Welcome to our weekly roundup, where we share what you need to know about cybersecurity news and events that happened over the past few days. This week, learn about how VPNFilter, an IoT botnet discovered over two years ago, is still affecting routers today. Also, read about how cybersecurity company Malwarebytes was targeted by the SolarWinds hackers.
Through the Apex One with Endpoint Sensor (iES), Trend Micro discovered an incident where an attacker utilized sophisticated techniques in an attempt to exfiltrate sensitive information from a company. The unique tactics, techniques, and procedures (TTPs) used in this attack highlight the importance of cross-layered detection and response solutions.
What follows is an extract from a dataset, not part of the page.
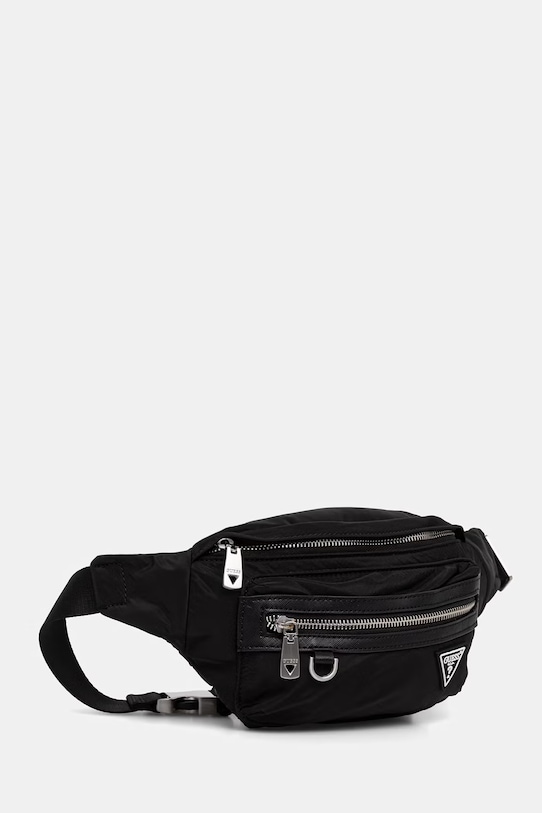 Τσάντα φάκελος Guess BERLIN HMBENY.P6156 μαύρο SS26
Cybersecurity company Malwarebytes said that some of its emails were breached by the same hackers who used software company SolarWinds to hack into a series of U.S. government agencies. The company said that it does not use software made by SolarWinds, but it had been successfully targeted by the same hackers who were able to sneak into its Microsoft Office 365 and Microsoft Azure environments.
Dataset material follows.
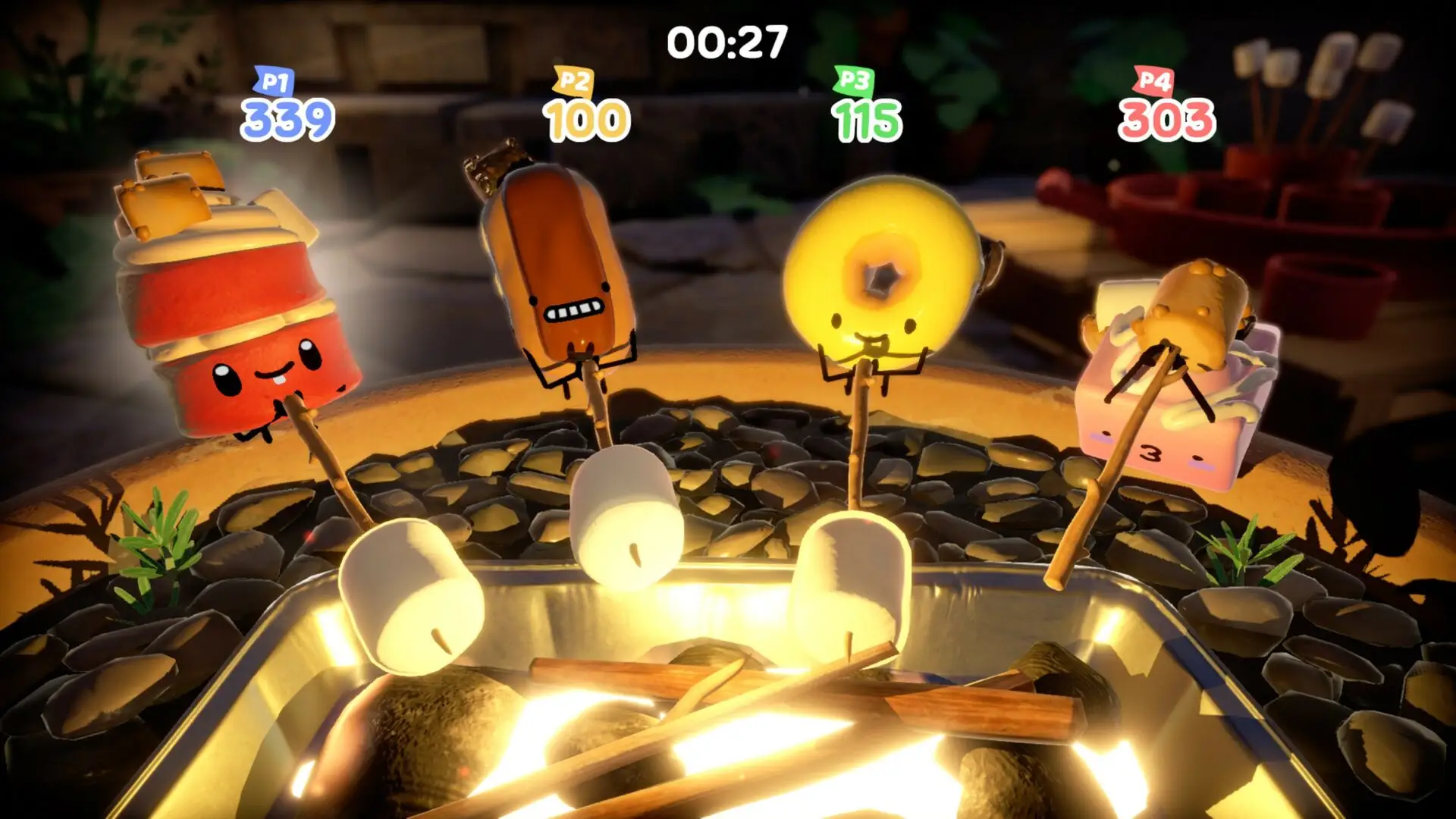 Cake Bash | Xbox | Código 25 Dígitos gamezzy xbox one series x|s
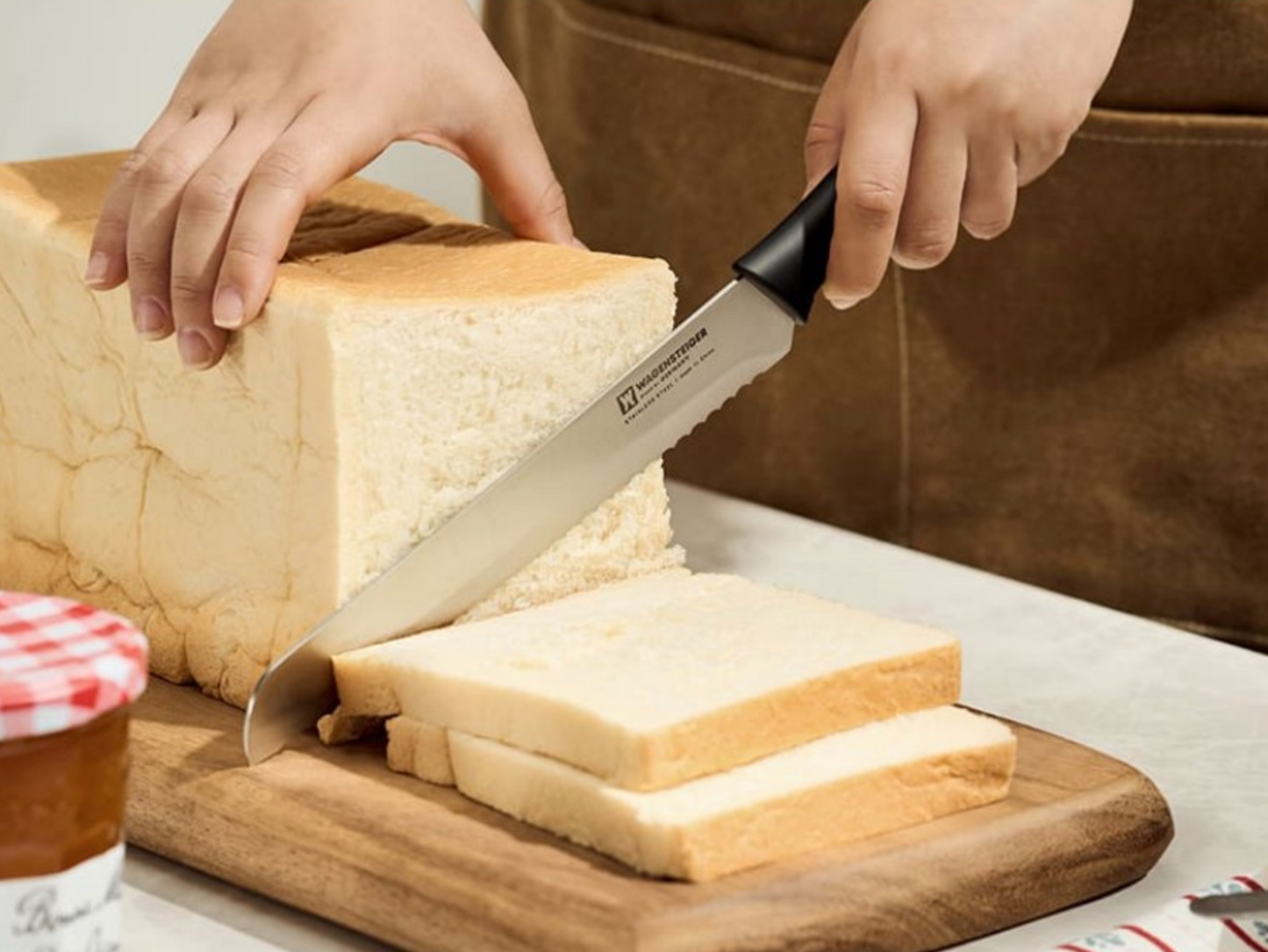 Schmied Bread Knife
In this research blog, Trend Micro looks into VPNFilter, an IoT botnet discovered over two years ago, to see why there are still routers infected by the malware and what else can be done to minimize its potential risks. Trend Micro has also partnered with The Shadowserver Foundation in efforts to clean up any leftover VPNFilter infections.
Operators of a phishing campaign targeting the construction and energy sectors exposed credentials stolen in attacks that were publicly viewable with a simple Google search. This week, Check Point Research published a blog post describing the campaign, in which stolen information was dumped on compromised WordPress domains.
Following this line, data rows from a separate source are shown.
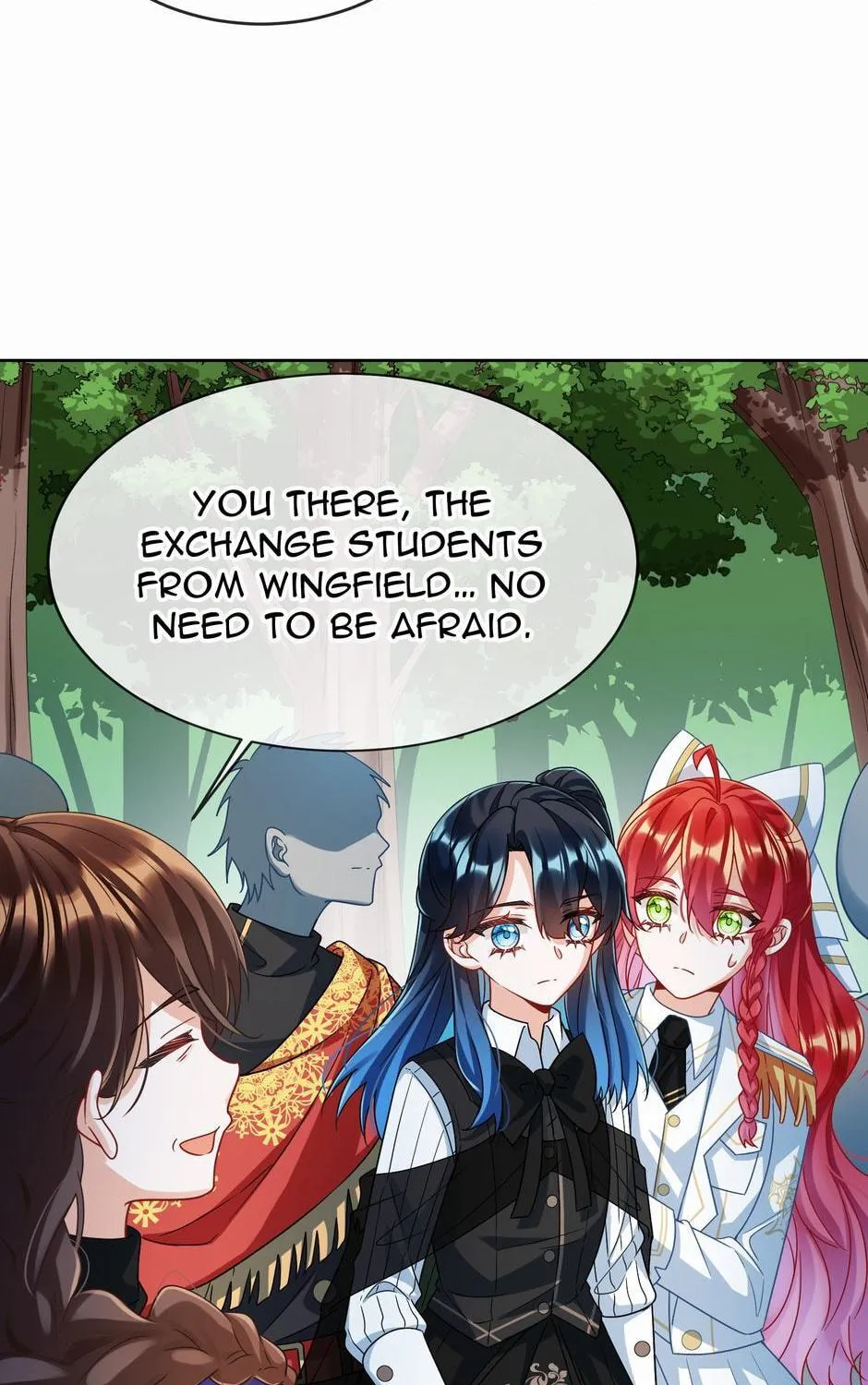 The Villainess and Miss Demon Lord Chapter 51 page 27 - 
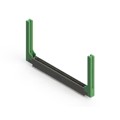 395-086-524-858 - 395 SERIES (.100" (2.54MM) CONTA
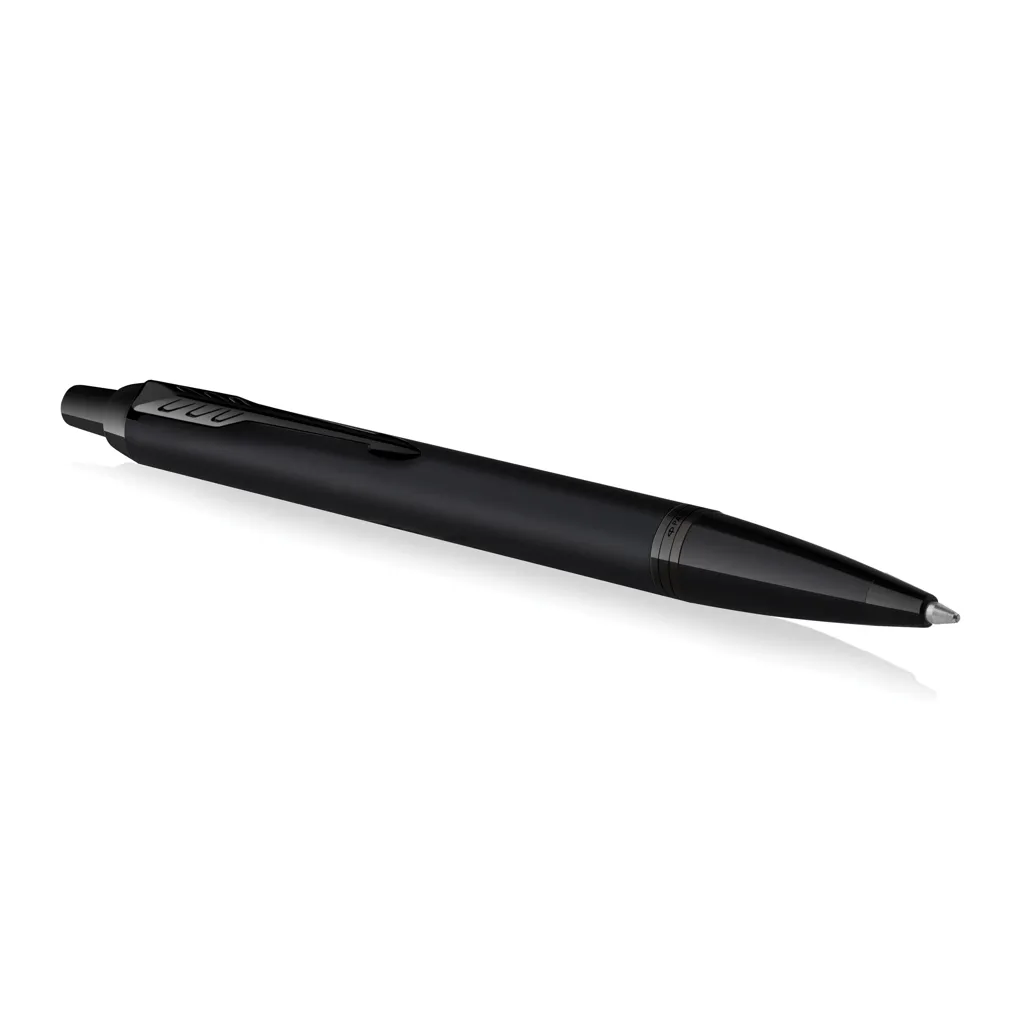 Parker IM ACHROMATIC Matte Black Stift, schwarz – Bild 2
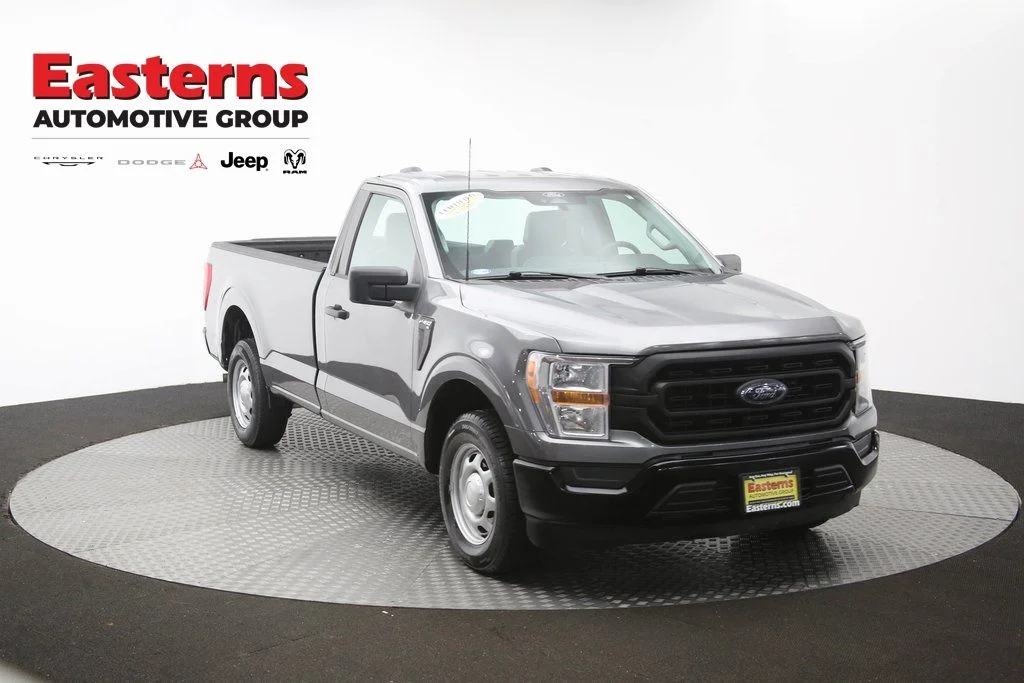 Used 2022 Gray Ford XL image 48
The Cybersecurity and Infrastructure Security Agency (CISA) recently issued an alert regarding an advanced persistent threat (APT) compromising government agencies, critical infrastructures and private sector organizations. According to CISA, the APT actor is accountable for the compromise of the SolarWinds Orion supply chain. The actor is also responsible for the abuse of commonly used authentication mechanisms.
Bugs in several messaging and video chat mobile apps allowed attackers to spy on targeted users’ surroundings. The vulnerabilities in Signal, Google Duo, Facebook Messenger, JioChat, and Mocha could be triggered by simply placing a call to the target’s device – no other action was needed.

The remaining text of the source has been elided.